Most people in the late 1960s and early ‘70s couldn’t comprehend anyone racing long distances on foot. The running boom had not yet boomed. And to a young Long Island grade-schooler named Tim Kuscsik, running appeared “wasteful,” his mother recounted with good humor years later, “because he kept hearing how we always were ‘breaking records’ when we ran. And he thought running was dangerous because he would always hear me talk about ‘dying’ on the course.”
At the time, Nina Kuscsik was in the process of becoming the first celebrity of women’s marathoning. It’s just that the youngest of her three children was operating with the conventional wisdom of that time, when the rare jogger could be expected to hear a snarky recommendation, shouted from a passing car, to “get a horse.” As citizen races began to appear, one of my colleagues in Newsday’s sports department, an otherwise open-minded reporter, grumbled about “a bunch of crazy people running around in their underwear. Why is that worth a story?”
By the time Nina Kuscsik died in early June at 86, it long ago had become abundantly clear how ordinary the running lifestyle is, and how much Kuscsik had to do with normalizing the activity—especially for women and girls—competitively and otherwise.
In 1970, Kuscsik was the only female to compete in the inaugural New York City Marathon, which had a total of 127 entrants, 55 of them finishing the 26-mile, 385-yard challenge. (Battling a fever, she did not finish, but was New York’s first female champion in both 1972 and ’73.)
These days? There were 55,646 finishers in last year’s New York race, roughly half—24,732—women.
Kuscsik was the first official women’s champion in the Boston Marathon, the only race at that distance widely known outside of the Olympics, in 1972. She had first run Boston as a “bandit” three years earlier, because the grand pooh-bahs of foot racing banned women from such long-distance efforts. That prohibition, she said, was “because they thought your uterus was going to fall out.”

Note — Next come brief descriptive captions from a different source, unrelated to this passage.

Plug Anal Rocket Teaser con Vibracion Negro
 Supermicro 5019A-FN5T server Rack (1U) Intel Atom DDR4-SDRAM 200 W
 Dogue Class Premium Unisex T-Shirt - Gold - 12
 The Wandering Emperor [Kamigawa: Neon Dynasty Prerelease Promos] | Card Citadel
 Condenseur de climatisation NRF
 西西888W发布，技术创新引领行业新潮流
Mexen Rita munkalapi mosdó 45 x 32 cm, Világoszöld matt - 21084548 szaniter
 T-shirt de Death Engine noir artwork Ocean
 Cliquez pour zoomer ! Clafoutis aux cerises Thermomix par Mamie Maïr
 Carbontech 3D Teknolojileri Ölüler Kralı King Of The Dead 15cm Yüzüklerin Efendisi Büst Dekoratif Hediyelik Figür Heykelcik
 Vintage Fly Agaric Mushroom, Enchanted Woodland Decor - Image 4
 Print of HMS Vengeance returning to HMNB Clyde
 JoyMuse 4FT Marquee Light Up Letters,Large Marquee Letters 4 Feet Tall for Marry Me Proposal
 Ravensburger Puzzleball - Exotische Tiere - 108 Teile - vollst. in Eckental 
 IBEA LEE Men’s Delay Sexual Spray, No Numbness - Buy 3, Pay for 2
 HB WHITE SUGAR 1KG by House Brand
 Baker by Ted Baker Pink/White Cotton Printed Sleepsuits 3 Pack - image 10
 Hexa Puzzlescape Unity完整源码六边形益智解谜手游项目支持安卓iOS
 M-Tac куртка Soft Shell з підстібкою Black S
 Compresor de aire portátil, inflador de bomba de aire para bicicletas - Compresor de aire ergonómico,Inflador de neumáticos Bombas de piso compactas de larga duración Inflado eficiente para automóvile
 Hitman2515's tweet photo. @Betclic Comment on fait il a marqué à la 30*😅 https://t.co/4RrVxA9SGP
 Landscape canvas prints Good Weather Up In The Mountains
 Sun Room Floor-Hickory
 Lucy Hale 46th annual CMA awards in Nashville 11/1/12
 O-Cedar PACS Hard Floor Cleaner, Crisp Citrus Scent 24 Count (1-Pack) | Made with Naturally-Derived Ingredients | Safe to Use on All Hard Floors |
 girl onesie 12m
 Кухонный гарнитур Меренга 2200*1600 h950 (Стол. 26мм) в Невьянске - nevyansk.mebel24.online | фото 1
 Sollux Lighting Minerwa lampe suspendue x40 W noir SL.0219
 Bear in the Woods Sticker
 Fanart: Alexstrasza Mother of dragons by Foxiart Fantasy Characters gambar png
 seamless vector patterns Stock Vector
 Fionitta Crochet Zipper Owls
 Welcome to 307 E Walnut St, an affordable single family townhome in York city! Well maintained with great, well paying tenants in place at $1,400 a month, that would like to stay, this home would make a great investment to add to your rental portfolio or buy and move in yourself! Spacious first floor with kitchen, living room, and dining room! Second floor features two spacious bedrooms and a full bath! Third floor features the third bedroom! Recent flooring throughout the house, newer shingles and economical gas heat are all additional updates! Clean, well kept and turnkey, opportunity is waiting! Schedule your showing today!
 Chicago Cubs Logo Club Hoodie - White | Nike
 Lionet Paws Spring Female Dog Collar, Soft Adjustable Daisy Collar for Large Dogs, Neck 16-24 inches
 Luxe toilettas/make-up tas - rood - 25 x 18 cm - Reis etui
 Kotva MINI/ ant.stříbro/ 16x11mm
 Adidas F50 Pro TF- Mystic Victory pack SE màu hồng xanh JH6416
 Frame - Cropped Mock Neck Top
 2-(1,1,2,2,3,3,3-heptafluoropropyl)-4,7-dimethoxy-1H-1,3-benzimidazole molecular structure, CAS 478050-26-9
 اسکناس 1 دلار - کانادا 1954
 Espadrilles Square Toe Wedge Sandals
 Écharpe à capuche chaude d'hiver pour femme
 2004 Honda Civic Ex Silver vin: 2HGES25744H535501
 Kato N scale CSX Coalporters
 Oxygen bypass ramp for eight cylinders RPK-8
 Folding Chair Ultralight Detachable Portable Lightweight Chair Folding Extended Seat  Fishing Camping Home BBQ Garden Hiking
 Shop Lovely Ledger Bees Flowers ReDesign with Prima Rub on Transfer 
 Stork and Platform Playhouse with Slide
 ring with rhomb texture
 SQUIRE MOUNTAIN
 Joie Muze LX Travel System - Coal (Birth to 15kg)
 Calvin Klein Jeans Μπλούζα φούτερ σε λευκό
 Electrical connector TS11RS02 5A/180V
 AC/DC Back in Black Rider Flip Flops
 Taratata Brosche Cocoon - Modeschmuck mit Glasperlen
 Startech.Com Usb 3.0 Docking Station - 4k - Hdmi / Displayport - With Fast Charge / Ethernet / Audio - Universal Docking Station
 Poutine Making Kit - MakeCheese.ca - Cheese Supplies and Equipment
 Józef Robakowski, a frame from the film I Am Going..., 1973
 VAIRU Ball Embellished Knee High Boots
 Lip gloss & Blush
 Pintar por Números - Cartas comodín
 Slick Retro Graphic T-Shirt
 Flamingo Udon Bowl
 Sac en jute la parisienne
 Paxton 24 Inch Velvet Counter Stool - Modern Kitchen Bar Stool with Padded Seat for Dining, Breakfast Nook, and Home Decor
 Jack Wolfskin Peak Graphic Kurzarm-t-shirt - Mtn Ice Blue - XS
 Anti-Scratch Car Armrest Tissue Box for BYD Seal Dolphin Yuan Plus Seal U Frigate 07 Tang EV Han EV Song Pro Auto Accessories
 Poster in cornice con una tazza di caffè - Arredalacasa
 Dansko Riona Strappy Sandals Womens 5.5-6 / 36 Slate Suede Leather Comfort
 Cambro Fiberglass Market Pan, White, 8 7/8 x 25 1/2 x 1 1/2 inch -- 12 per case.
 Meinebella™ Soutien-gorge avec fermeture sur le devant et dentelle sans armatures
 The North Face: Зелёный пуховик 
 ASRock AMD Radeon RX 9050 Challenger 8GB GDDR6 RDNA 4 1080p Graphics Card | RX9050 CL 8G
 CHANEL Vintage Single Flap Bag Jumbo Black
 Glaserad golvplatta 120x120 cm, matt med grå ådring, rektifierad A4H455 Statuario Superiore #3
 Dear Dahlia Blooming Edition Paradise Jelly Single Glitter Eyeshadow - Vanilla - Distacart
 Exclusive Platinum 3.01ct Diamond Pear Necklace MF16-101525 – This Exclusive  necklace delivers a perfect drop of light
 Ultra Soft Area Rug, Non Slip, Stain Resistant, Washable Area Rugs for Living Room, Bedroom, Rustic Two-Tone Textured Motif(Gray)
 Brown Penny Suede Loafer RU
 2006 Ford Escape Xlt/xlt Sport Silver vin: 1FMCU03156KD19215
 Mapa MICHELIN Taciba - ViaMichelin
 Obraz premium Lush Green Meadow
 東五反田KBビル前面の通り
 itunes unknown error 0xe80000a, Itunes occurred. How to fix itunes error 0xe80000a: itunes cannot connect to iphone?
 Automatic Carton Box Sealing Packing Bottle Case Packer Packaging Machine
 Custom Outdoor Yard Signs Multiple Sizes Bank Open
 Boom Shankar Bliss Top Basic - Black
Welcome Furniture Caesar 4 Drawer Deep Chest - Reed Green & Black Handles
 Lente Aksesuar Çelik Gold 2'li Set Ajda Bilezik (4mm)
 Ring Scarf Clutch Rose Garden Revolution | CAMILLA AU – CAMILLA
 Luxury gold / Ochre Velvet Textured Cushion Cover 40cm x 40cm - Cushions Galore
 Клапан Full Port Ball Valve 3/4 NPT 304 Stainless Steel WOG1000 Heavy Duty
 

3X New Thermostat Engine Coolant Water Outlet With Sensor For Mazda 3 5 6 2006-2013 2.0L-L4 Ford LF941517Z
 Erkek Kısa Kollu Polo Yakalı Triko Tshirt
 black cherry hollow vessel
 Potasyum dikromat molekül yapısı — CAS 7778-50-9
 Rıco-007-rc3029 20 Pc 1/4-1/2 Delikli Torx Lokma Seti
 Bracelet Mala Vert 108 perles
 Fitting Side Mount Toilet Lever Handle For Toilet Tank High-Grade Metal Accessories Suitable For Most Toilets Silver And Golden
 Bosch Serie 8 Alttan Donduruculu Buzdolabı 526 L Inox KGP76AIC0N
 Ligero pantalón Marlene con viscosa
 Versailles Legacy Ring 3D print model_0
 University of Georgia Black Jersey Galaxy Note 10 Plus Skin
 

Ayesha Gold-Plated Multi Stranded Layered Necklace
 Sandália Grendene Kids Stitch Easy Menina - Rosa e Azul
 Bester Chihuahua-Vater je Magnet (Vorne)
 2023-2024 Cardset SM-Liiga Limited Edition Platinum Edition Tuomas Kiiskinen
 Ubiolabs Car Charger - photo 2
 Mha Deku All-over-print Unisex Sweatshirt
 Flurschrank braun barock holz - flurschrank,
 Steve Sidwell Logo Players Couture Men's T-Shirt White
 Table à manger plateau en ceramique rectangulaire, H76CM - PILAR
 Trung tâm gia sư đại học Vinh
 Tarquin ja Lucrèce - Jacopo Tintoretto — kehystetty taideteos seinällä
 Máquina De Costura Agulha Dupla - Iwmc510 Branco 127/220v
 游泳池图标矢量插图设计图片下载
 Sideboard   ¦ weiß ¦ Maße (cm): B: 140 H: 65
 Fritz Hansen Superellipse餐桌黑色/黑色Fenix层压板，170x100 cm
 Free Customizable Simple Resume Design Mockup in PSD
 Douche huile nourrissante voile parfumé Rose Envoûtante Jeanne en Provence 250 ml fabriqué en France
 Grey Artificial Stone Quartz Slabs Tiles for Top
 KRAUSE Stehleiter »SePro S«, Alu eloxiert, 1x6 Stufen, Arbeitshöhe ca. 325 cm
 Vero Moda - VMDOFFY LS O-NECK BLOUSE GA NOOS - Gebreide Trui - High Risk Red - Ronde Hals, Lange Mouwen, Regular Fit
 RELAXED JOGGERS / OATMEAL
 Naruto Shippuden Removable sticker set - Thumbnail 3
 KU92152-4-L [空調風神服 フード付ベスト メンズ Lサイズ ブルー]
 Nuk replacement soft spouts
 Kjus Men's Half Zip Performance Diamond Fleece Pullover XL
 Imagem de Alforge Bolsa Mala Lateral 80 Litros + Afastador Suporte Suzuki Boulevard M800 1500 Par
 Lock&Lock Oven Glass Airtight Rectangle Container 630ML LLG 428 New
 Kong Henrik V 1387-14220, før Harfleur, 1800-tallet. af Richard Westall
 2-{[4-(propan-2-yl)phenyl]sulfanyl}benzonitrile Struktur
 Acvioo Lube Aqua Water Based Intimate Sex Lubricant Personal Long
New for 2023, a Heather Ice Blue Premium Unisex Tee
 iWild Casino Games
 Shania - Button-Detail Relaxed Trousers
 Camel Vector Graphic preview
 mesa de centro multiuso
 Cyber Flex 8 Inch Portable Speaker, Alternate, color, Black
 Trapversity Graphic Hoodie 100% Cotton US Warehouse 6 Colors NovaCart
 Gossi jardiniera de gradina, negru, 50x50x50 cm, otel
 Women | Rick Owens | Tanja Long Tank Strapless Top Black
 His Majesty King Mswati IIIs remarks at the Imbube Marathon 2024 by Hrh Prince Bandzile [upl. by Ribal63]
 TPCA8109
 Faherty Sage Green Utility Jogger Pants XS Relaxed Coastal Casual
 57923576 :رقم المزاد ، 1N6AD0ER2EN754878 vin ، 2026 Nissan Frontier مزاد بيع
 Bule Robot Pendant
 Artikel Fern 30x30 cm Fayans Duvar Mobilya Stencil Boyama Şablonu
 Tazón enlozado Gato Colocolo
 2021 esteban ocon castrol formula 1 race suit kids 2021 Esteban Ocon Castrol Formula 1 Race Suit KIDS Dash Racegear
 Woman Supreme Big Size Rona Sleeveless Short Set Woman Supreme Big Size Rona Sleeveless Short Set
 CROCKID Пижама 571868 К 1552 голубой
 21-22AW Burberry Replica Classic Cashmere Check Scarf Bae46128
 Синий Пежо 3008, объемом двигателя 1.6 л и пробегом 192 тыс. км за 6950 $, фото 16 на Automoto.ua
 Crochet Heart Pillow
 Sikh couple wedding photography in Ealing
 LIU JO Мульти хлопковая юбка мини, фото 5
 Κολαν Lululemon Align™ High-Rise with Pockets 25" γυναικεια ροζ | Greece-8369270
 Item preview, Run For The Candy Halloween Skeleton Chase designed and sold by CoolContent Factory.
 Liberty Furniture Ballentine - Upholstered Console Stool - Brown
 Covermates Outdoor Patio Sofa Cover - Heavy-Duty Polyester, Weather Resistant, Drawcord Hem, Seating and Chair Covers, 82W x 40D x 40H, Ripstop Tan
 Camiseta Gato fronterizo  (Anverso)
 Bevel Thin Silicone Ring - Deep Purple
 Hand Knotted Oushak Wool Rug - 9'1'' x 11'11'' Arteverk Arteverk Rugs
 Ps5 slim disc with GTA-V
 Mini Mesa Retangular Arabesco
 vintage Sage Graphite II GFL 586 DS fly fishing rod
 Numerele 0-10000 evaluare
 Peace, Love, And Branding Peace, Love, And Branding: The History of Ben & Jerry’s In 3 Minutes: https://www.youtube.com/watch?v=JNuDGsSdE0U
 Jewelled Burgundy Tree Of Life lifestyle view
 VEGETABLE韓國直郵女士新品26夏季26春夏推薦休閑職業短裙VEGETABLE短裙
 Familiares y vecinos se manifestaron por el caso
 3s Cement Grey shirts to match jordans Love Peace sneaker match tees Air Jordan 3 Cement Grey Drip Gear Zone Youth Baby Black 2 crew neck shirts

It took her New York victories and that barrier-breaking first official Boston women’s title in ‘72 to rattle the Old Boys’ club. When women at last were allowed, in 1984, to run the Olympic race that had been in the men’s Olympic program since 1896, Kuscsik qualified—at 45—for the U.S. Marathon Trials, but an injury suffered when she had experimented with tennis kept her from qualifying for the Games.
It was Kuscsik’s persistence, both as a competitor and as chairperson of the women’s long-distance committee, that finally got females their own Olympic marathon. She once held the record for the 50-mile (80-kilometer) run and was the first woman to finish the gimmicky (but challenging) Empire State Building Run-Up in 1979, 1980 and 1981.
She was such a regular presence on her Long Island community’s roads, training 70 to 100 miles a week, that she found she could “take one of the kids to the doctor and the doctor wanted to talk to me about running,” she once said. She was so omnipresent in the running world that, when she chose to run the 1977 women’s national marathon championship in Minneapolis, instead of the New York City race the same day, her phone call to the New York Road Runners Club for a progress report from the Big Apple brought the news that “Miki Gorman was leading, Gayle Barron second and Nina Kuscsik third.”
“Sometimes,” Kuscsik once said, “I guess I almost feel responsible for everything. Title IX and everything. Of course, I’m not. Still, Title IX aside, women wouldn’t have started running long distance if we”—her fellow pioneers included Katherine Switzer, Roberta Gibb, Beth Bonner—“hadn’t showed them it was possible. And to see women and girls are out there running…I get chills every time I see that.”
Over a half-century, she demonstrated that running was neither wasteful nor dangerous. And that, as she once said, was “neither masculine or feminine. It’s just healthy.”